_What is being asked_
Reproduce all records word for word.

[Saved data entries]
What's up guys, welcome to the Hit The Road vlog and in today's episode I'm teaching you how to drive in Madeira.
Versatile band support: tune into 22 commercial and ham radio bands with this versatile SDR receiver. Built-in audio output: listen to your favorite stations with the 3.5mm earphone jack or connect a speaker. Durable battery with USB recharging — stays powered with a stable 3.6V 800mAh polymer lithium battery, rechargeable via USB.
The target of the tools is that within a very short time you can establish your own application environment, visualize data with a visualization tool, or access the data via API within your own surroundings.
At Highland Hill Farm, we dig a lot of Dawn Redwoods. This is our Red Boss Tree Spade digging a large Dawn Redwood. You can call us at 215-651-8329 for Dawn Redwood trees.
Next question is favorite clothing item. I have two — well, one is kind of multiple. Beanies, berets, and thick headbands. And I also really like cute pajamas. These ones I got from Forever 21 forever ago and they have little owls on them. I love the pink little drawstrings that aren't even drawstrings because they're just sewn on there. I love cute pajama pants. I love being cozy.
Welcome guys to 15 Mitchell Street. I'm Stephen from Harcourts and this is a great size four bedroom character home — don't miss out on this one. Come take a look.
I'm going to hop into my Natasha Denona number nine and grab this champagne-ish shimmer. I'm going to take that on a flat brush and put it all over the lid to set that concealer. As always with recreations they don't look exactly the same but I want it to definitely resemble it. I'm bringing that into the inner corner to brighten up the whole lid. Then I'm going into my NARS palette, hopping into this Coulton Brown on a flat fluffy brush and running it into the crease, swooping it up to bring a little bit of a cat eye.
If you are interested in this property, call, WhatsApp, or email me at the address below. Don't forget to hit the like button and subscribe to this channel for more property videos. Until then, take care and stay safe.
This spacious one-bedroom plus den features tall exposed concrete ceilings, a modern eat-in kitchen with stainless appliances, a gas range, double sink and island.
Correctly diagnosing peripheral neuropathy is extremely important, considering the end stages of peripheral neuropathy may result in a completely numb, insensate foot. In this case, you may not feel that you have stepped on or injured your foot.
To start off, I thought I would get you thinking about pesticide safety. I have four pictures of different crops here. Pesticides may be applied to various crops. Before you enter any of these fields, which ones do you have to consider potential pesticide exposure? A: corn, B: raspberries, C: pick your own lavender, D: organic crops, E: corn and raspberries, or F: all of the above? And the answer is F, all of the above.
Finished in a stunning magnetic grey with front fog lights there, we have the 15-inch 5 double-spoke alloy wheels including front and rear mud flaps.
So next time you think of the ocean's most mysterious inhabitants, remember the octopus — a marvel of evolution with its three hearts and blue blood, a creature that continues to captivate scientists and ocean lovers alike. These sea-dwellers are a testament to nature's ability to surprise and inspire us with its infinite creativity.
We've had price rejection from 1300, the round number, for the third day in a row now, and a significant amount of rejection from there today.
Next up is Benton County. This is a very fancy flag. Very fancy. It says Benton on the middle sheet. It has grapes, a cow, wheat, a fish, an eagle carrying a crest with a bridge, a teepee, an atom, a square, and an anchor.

_Expected answer_
What's up guys, welcome to the Hit The Road vlog and in today's episode I'm teaching you how to drive in Madeira.
Versatile band support: tune into 22 commercial and ham radio bands with this versatile SDR receiver. Built-in audio output: listen to your favorite stations with the 3.5mm earphone jack or connect a speaker. Durable battery with USB recharging — stays powered with a stable 3.6V 800mAh polymer lithium battery, rechargeable via USB.
The target of the tools is that within a very short time you can establish your own application environment, visualize data with a visualization tool, or access the data via API within your own surroundings.
At Highland Hill Farm, we dig a lot of Dawn Redwoods. This is our Red Boss Tree Spade digging a large Dawn Redwood. You can call us at 215-651-8329 for Dawn Redwood trees.
Next question is favorite clothing item. I have two — well, one is kind of multiple. Beanies, berets, and thick headbands. And I also really like cute pajamas. These ones I got from Forever 21 forever ago and they have little owls on them. I love the pink little drawstrings that aren't even drawstrings because they're just sewn on there. I love cute pajama pants. I love being cozy.
Welcome guys to 15 Mitchell Street. I'm Stephen from Harcourts and this is a great size four bedroom character home — don't miss out on this one. Come take a look.
I'm going to hop into my Natasha Denona number nine and grab this champagne-ish shimmer. I'm going to take that on a flat brush and put it all over the lid to set that concealer. As always with recreations they don't look exactly the same but I want it to definitely resemble it. I'm bringing that into the inner corner to brighten up the whole lid. Then I'm going into my NARS palette, hopping into this Coulton Brown on a flat fluffy brush and running it into the crease, swooping it up to bring a little bit of a cat eye.
If you are interested in this property, call, WhatsApp, or email me at the address below. Don't forget to hit the like button and subscribe to this channel for more property videos. Until then, take care and stay safe.
This spacious one-bedroom plus den features tall exposed concrete ceilings, a modern eat-in kitchen with stainless appliances, a gas range, double sink and island.
Correctly diagnosing peripheral neuropathy is extremely important, considering the end stages of peripheral neuropathy may result in a completely numb, insensate foot. In this case, you may not feel that you have stepped on or injured your foot.
To start off, I thought I would get you thinking about pesticide safety. I have four pictures of different crops here. Pesticides may be applied to various crops. Before you enter any of these fields, which ones do you have to consider potential pesticide exposure? A: corn, B: raspberries, C: pick your own lavender, D: organic crops, E: corn and raspberries, or F: all of the above? And the answer is F, all of the above.
Finished in a stunning magnetic grey with front fog lights there, we have the 15-inch 5 double-spoke alloy wheels including front and rear mud flaps.
So next time you think of the ocean's most mysterious inhabitants, remember the octopus — a marvel of evolution with its three hearts and blue blood, a creature that continues to captivate scientists and ocean lovers alike. These sea-dwellers are a testament to nature's ability to surprise and inspire us with its infinite creativity.
We've had price rejection from 1300, the round number, for the third day in a row now, and a significant amount of rejection from there today.
Next up is Benton County. This is a very fancy flag. Very fancy. It says Benton on the middle sheet. It has grapes, a cow, wheat, a fish, an eagle carrying a crest with a bridge, a teepee, an atom, a square, and an anchor.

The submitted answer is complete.